A joint venture between Indian and Greek conglomerates GMR Group and GEK Terna Group is getting closer to winning a contract for Crete’s new airport estimated at €1 billion after the team emerged as the only bidder for the project.
Under the terms of the offer, GMR Airports would be responsible for the design, construction, financing, operation and maintenance of the Heraklion airport for a concession period of 35 years. The bid would also see the consortium take a minimum 10 percent stake in the hub.
A spokeswoman for GMR Airports said the bid is in line with the group’s “asset-light growth strategy” and that the value to GMR from the project will come more from its contract to run the site rather than its ownership stake in the airport.
The new Heraklion airport will replace Crete’s current hub, which saw traffic grow 6.3 percent to 10.3 million passengers last year. GMR said the existing facility is struggling with capacity constraints and unable to cope with growing traffic demand. Crete is the largest and most visited island in Greece.

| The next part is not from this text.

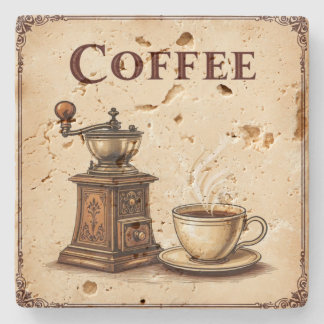 Vintage Coffee Stone Coaster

The airport is not the only asset being sold under Greece’s €50 billion privatisation programme to have attracted unique bids. FS Italiane in March emerged as the only bidder for TrainOSE, the state-owned rail operator, while China’s Cosco Group’s €280.5 million offer for 51 percent of Piraeus Port was also unopposed.
Other assets currently up for sale or leasing by HRADF, the country's privatisation agency, include rolling stock maintenance company ROSCO and the Egnatia toll road.